Even when the brightest prospects arise, and a rapid response is needed, they are still tested rigorously first.
A sophisticated investor will undoubtedly have their own ways of analysing opportunities, but most would agree there will always be some element of gut instinct to the decision, too.
Whilst it’s always recommended to take advice and carry out your own in-depth due diligence before making an investment, there are a number of questions that often form part of the process:
1. Does the management team have the skills to execute the idea?
In a perfect world for investors, the startup’s management personnel are the alchemists who turn their entrepreneurial idea into gold. In reality, management teams are often unable to unlock the full potential of their creation. You must assess what core skills the startup needs to succeed – and test whether it has them, or will have them, on board.
A tech firm with leading-edge software expertise, but no commercial experience, is unlikely to fly, for example. Similarly, a retailer with brilliantly marketed products, but no-one with the acumen for numbers to look after the bottom-line may also struggle.

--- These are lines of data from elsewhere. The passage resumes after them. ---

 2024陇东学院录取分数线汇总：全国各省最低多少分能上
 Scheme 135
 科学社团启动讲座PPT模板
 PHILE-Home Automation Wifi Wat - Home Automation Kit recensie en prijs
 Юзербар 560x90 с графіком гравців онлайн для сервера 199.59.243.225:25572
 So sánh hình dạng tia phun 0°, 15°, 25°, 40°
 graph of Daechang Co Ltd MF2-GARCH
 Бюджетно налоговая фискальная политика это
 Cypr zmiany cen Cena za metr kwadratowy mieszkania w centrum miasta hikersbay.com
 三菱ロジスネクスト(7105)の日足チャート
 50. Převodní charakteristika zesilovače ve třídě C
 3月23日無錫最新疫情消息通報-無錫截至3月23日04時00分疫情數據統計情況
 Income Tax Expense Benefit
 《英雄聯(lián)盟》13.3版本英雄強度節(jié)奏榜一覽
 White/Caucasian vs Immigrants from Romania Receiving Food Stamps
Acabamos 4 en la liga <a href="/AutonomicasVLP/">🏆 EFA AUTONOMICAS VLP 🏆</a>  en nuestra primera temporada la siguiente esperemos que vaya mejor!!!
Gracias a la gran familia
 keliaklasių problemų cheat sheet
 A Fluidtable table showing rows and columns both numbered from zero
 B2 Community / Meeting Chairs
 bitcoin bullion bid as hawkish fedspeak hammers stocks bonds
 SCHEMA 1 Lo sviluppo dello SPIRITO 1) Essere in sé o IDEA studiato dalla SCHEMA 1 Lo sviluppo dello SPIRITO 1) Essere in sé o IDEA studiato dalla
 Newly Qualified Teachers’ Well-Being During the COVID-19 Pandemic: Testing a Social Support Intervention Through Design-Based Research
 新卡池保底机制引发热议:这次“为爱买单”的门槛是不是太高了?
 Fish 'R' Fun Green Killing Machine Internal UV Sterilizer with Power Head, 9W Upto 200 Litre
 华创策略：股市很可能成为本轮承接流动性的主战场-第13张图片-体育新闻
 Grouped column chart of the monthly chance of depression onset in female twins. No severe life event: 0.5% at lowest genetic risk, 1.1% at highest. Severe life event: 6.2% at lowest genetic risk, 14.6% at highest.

2. Are there plans to fill gaps in the team?
Management teams may be a work in progress. At such an early stage, gaps will be apparent - and that's completely normal. But how confident can you be that the necessary gaps will be filled as and when needed?
What's more, the founders must show a willingness to welcome new members to the management team and to pass some of their duties onto others.
3. Do the founders get along?
Healthy debate between founders ensures decisions made about the business are carefully considered. Continual arguments, or a sense that they are pulling in opposite directions, however, suggest a ship heading for choppy waters.
Given that most startups will be trying to show their best side to you as the investor, look for subtle hints of disharmony behind closed doors.
4. Does the team understand its market?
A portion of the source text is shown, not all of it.